## WHAT IS BEING ASKED
Apart from pictures, transcribe exactly each line from the one containing "Hey guys, welcome" through the final line of the listing below.

───── DATASET CONTENT

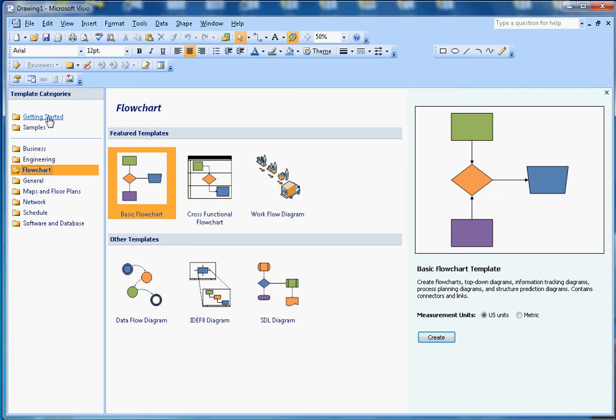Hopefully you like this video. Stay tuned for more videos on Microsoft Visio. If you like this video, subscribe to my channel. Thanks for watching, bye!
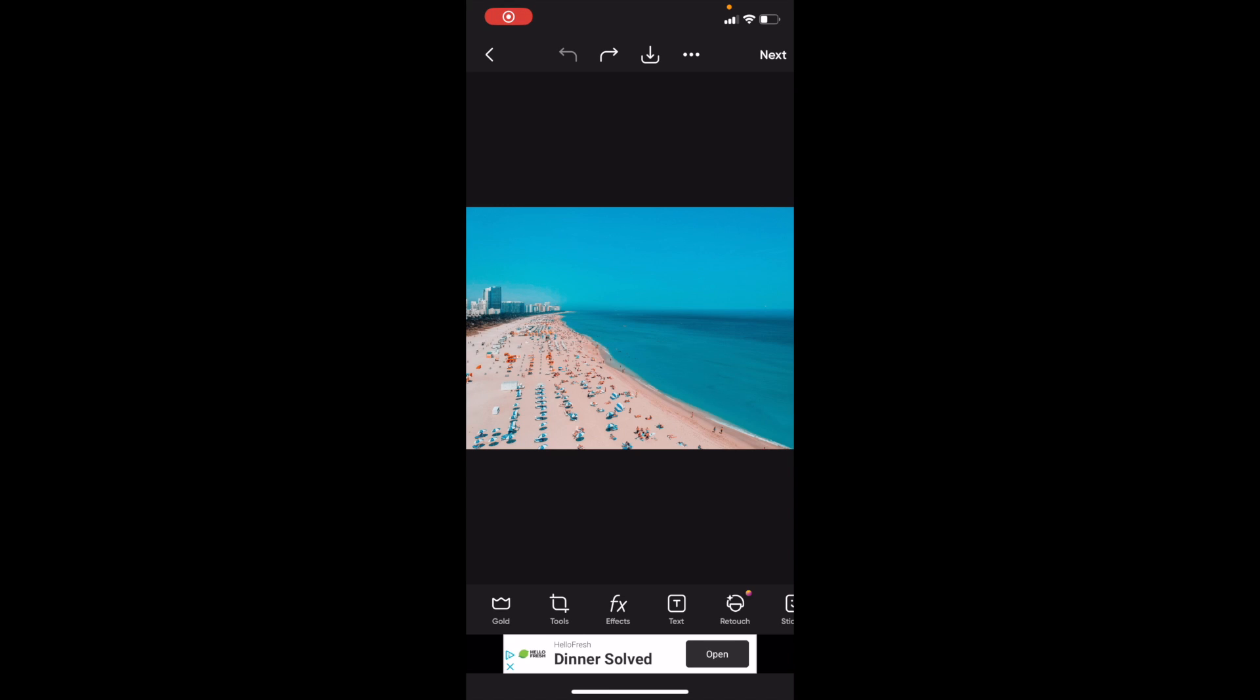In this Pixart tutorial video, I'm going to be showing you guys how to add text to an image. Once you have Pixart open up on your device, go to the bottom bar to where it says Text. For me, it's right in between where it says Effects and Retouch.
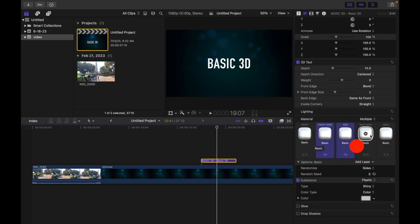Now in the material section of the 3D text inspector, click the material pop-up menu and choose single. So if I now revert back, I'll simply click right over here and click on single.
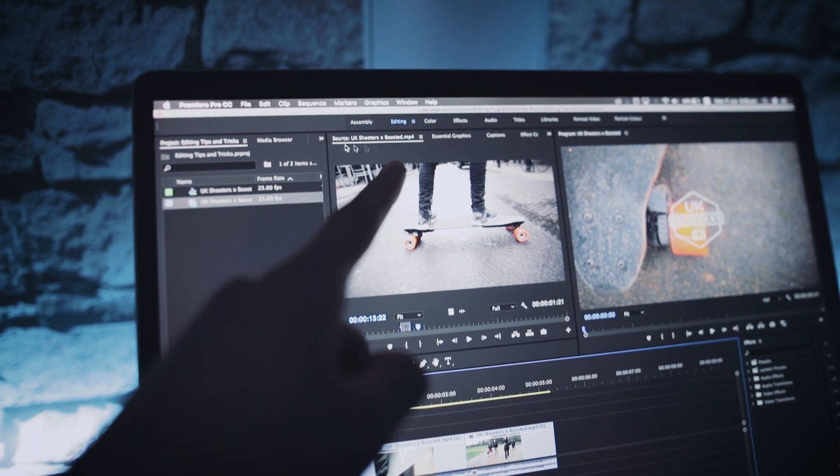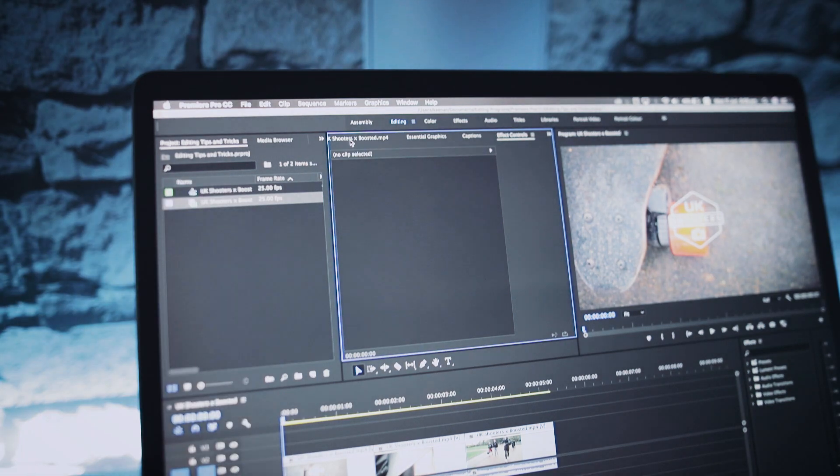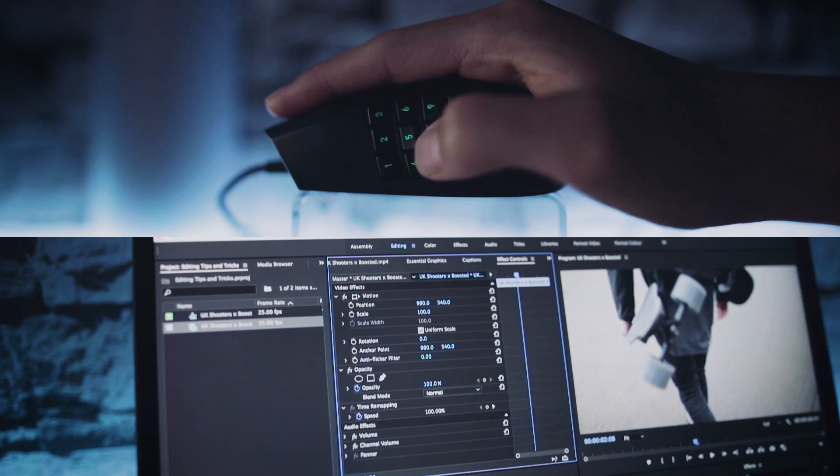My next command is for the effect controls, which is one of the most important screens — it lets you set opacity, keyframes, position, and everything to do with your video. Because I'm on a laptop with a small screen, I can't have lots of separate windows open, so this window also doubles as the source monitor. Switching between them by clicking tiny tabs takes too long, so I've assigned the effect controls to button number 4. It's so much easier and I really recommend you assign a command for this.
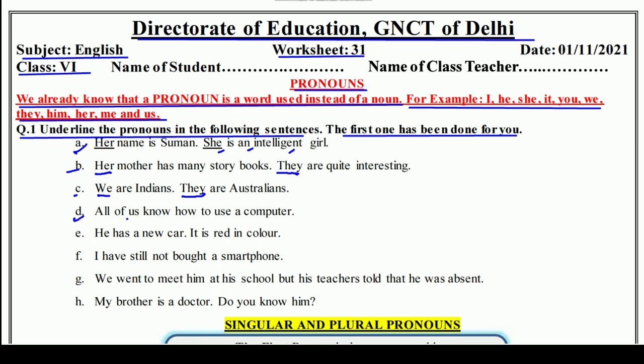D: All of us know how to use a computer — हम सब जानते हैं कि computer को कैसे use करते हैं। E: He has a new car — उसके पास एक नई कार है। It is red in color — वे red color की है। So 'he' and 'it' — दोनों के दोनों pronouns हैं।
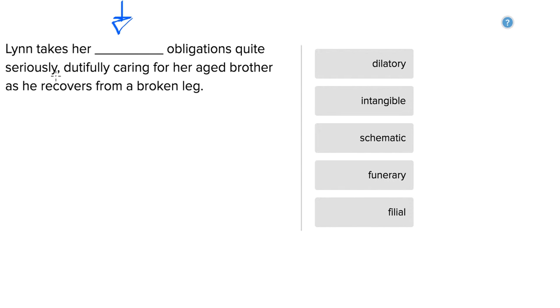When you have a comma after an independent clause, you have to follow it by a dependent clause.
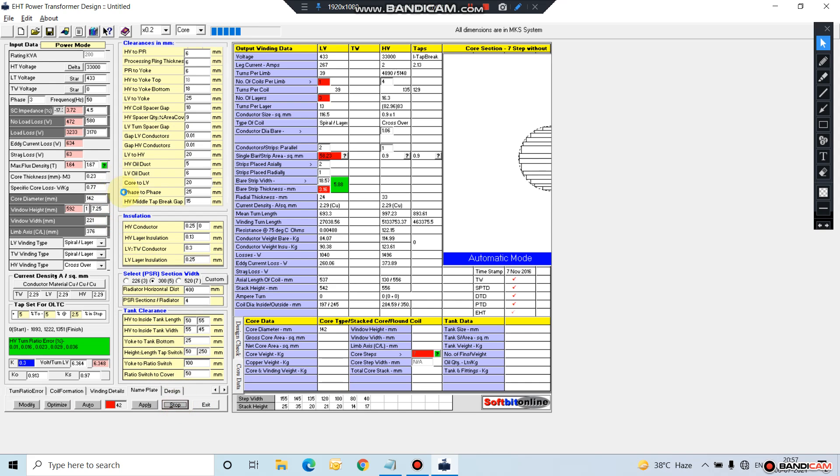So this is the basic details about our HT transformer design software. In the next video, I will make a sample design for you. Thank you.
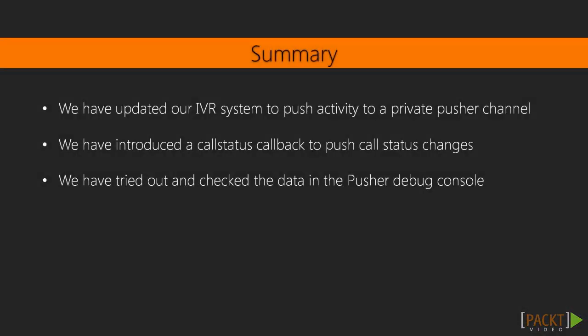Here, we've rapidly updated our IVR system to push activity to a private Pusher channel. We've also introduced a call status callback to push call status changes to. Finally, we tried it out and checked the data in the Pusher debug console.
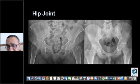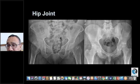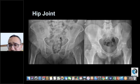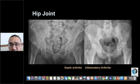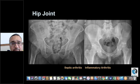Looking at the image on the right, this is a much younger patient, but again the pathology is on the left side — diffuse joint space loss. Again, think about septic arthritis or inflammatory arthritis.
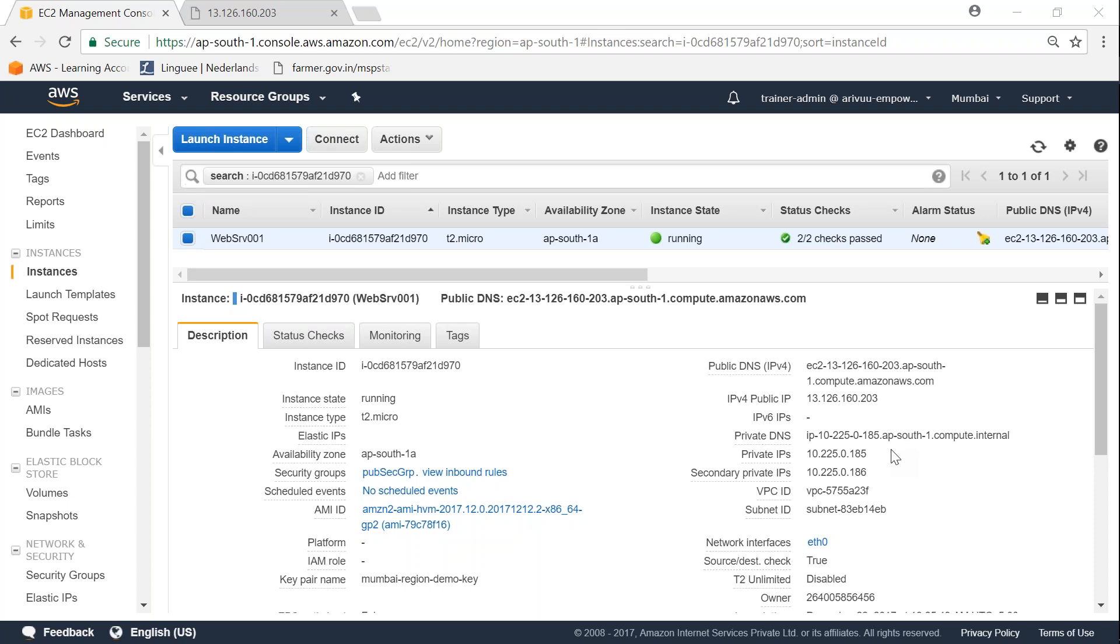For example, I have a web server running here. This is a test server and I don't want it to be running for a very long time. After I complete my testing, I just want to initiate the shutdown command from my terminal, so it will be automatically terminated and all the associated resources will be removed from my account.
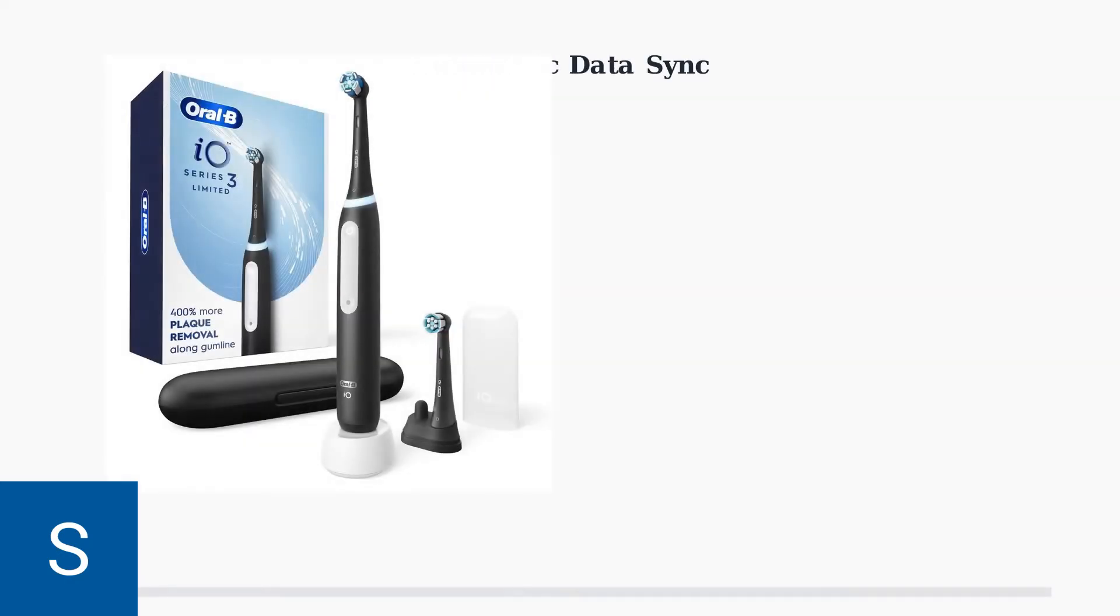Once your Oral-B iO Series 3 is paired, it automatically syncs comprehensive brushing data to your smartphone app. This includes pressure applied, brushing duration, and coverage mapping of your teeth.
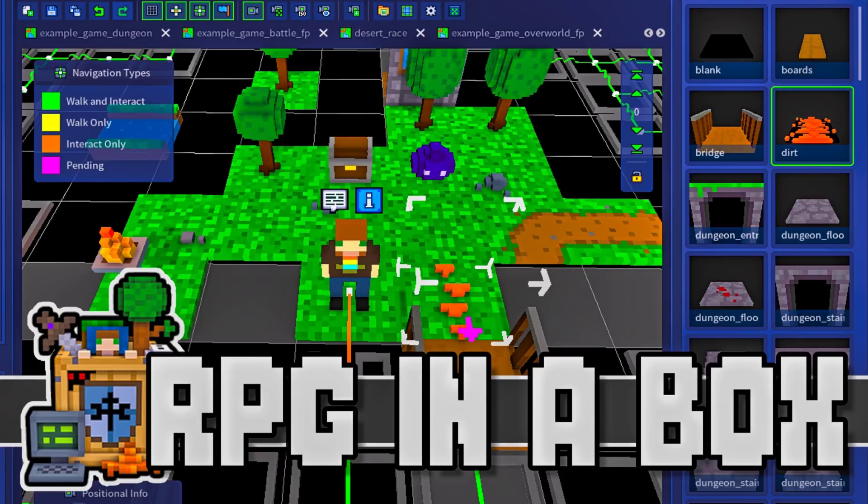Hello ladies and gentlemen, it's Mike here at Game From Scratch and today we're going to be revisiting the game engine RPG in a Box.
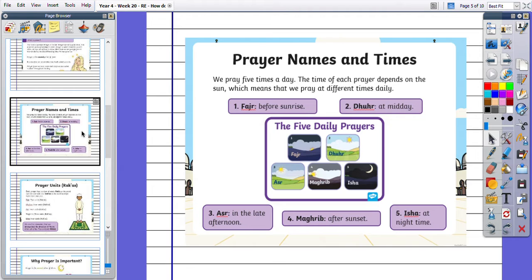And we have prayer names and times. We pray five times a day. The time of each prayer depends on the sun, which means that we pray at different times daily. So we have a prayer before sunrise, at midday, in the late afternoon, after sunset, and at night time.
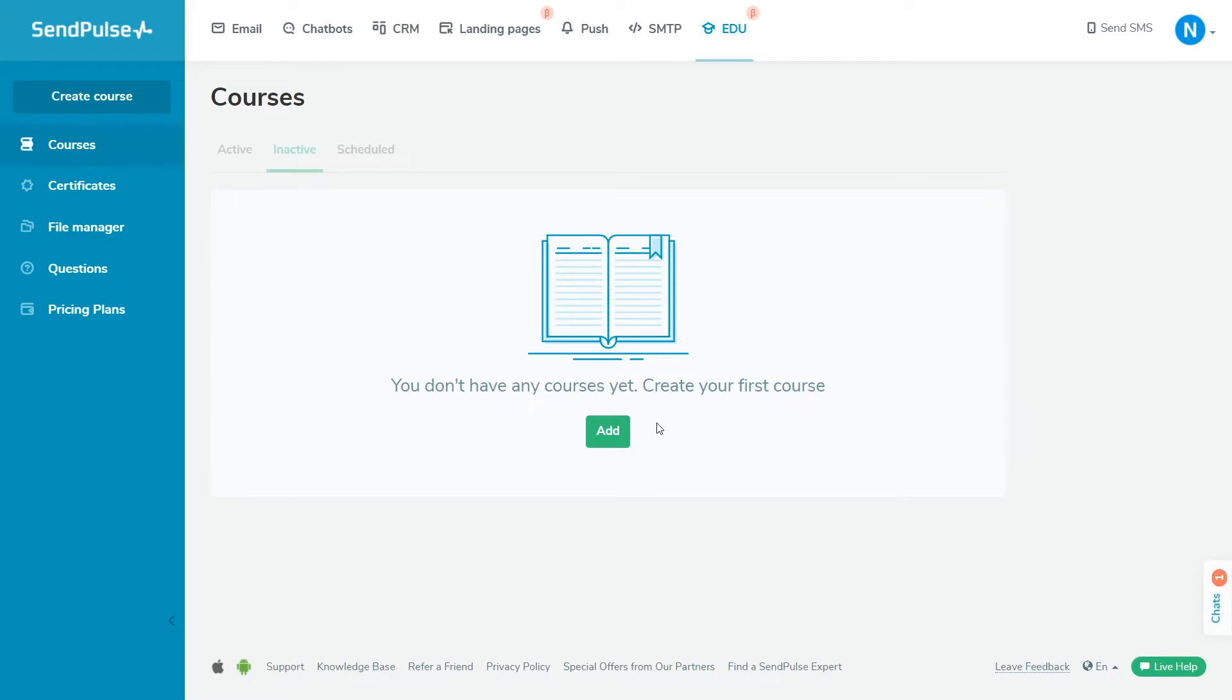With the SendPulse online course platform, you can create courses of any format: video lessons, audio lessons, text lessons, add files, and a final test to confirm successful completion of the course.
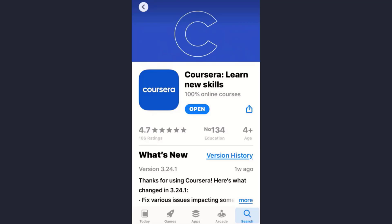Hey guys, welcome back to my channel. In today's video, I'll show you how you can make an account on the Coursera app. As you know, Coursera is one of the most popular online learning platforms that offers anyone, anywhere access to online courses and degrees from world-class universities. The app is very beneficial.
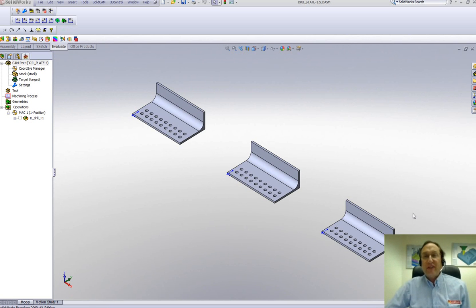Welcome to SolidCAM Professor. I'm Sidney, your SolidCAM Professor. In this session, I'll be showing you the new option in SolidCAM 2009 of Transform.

──────────

## WRITTEN RESPONSE
Hey guys, welcome back to my channel. In today's video, I'll show you how you can make an account on the Coursera app. As you know, Coursera is one of the most popular online learning platforms that offers anyone, anywhere access to online courses and degrees from world-class universities. The app is very beneficial.
Welcome to SolidCAM Professor. I'm Sidney, your SolidCAM Professor. In this session, I'll be showing you the new option in SolidCAM 2009 of Transform.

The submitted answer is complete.